Similarly, assume that $A>0$.

Observe that $$\lim_{{x}\to{\infty}} \dfrac{Ax^2+Bx+C}{x^2}=A$$. Thus, $$\lim_{{x}\to{\infty}} \left|\dfrac{Ax^2+Bx+C}{x^2}\right|=A$$.

Similarly, $$\lim_{{x}\to{\infty}} \left|\dfrac{ax^2+bx+c}{x^2}\right|=a$$. Hence, $a\le A$.

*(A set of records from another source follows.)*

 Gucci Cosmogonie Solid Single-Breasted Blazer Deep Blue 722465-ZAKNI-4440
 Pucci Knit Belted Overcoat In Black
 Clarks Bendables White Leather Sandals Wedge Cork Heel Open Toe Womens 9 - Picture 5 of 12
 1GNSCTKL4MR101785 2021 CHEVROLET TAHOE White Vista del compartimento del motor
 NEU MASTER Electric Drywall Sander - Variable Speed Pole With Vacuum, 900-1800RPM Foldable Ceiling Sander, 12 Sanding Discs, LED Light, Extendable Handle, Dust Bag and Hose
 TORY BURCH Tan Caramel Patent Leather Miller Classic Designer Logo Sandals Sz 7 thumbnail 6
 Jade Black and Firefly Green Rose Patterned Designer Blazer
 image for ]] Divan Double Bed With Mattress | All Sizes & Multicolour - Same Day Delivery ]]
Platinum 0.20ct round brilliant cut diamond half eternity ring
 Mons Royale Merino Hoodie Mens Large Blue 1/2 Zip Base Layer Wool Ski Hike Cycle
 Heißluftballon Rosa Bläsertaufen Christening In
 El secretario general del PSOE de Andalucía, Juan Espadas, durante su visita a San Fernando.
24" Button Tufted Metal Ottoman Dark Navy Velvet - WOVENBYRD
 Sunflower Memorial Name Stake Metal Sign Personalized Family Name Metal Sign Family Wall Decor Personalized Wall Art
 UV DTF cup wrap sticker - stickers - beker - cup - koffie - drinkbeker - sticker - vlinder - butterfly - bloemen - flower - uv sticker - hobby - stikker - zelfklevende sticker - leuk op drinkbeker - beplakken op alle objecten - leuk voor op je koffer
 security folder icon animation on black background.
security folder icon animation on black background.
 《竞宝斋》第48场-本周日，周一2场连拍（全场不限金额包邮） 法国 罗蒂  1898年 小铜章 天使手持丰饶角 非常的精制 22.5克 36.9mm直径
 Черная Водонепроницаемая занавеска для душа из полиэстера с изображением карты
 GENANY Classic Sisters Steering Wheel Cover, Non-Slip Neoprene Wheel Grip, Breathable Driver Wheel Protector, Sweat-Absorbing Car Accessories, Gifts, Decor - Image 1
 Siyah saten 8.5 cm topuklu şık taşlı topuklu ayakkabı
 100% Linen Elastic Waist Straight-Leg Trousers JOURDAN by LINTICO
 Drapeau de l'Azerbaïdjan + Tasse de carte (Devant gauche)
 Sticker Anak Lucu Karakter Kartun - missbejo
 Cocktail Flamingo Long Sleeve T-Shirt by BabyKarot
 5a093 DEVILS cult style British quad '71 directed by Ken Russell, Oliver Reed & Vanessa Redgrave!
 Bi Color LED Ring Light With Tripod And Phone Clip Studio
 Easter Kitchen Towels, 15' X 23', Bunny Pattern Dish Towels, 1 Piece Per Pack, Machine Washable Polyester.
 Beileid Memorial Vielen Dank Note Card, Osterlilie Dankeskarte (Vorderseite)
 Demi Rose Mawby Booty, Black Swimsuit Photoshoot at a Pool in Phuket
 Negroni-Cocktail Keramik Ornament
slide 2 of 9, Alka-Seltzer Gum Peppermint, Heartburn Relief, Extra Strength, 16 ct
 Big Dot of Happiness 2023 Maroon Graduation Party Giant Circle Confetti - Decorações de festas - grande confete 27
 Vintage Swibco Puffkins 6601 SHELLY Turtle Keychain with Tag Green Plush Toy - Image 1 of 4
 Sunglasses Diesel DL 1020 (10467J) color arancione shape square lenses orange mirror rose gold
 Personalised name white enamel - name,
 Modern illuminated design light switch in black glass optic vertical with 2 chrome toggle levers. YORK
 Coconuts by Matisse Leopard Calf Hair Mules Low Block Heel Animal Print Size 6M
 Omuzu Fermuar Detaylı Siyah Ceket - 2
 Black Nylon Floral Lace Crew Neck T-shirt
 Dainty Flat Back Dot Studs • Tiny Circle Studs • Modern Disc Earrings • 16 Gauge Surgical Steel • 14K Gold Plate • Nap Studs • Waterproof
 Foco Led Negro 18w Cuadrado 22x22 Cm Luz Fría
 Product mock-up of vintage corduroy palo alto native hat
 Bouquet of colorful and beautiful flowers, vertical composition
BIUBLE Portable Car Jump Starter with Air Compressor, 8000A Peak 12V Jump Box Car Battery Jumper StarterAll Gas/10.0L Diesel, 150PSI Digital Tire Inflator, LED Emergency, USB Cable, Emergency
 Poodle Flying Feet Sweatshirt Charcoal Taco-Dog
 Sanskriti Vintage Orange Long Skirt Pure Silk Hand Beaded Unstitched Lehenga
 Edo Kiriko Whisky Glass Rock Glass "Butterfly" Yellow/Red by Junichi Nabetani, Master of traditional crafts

Now, let $d=b^2-4ac$ and $D=B^2-4AC$.

Case I ($D>0$):

Let $r=\dfrac{-B+\sqrt{D}}{2A}$ and $s=\dfrac{-B-\sqrt{D}}{2A}$, then $r\ne s$. If $x\in\{r,\,s\}$, then $Ax^2+Bx+C=0$ so $|ax^2+bx+c|\le |0|$ so $ax^2+bx+c=0$.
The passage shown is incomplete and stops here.